I'm Bridget Harris, Co-founder of YouCanBook.me - Bootstrapping SaaS with a remote team. AMA!

Hi Neil - yes definitely I did - and in fact that experience is tied into many of my answers here today about how one thing leads to a different set of decisions - about people, hiring, culture and choices.

So for example, it’s not an accident that we have built a small company, that’s profitable with a highly motivated team, which does big things but is not (yet) taking over the world.

It’s because we want to stay in control and make good, elemental decisions about the foundations of what we are building - a degree off at the start is a huge degree off 100x the scale.

So we are very product-led and customer centric. It’s people intensive, but we manage it well - YCBM has near on 18,000 customers - and many thousands more on the free plan. We have a full time customer success / support team of 5 (3 in US 2 in Europe). Our team is first class and actually won an award recently from NiceReply, Most people get their queries answered within 2-3 hours. We’ve also just been included in G2 Crowd’s top 100 software companies for 2020 which feels incredible to me.
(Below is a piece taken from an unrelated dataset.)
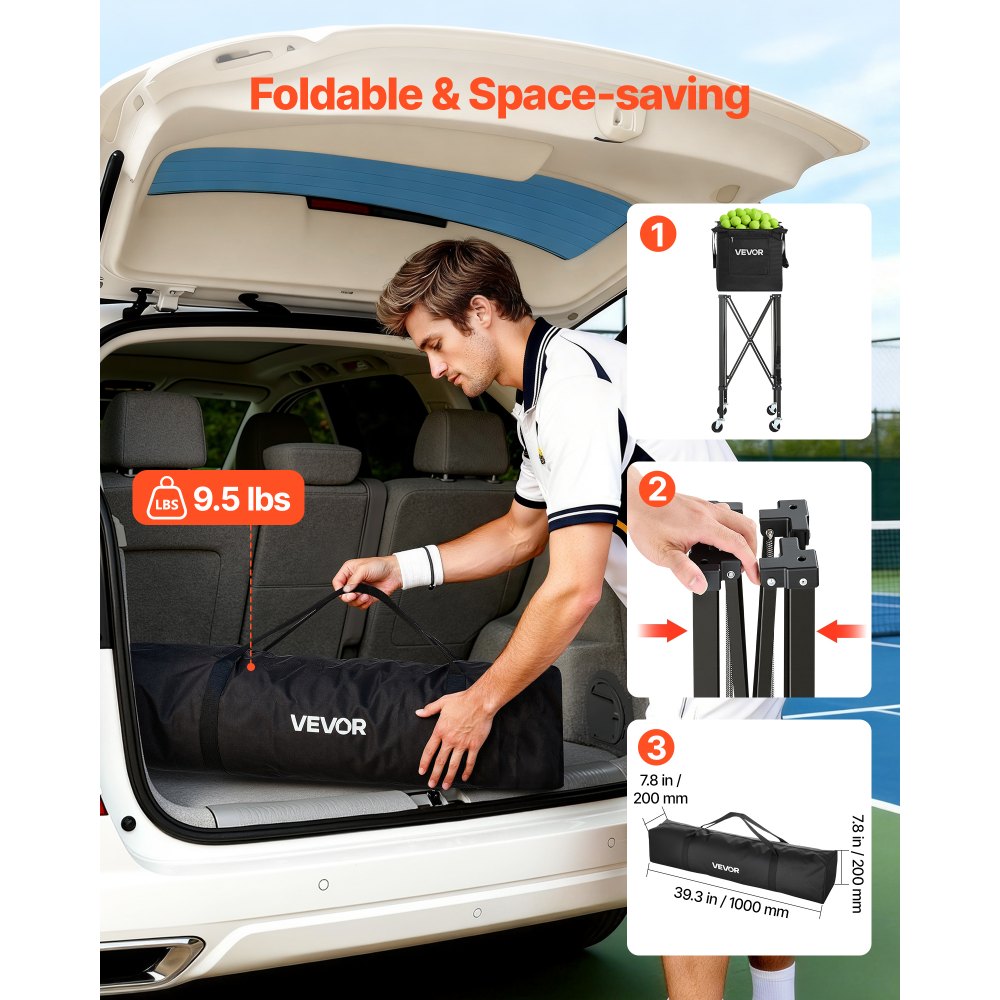 VEVOR Opvouwbare Tennisballenwagen, Tennisballenmand voor 150 tennisballen, Inklapbare ballenwagen met frame van aluminiumlegering en draagtas, Mobiele ballenmand met wielen voor trainingsdoeleinden en opslag, Zwart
But it’s based on all of our customer feedback and the work that we’ve done.

So I do think that it’s possible to build brick by brick - assuming your product will allow you to scale (online scheduling clearly does have a huge addressable market).

I did a podcast with Alex Theuma a few years back where I talked about the way to look at such a decision and when you might want to take VC:

I think it comes down to whether your interests and theirs are truly aligned, so their money is working for you, not the other way around!
I recommend you read Founder’s Dilemma which talks about this - whether you want to be ‘rich’ (which is often correlated with VC-backed companies) or ‘king’ which is where founders keep control

and that can often be a very personal choice.

good luck - let us know how you get on!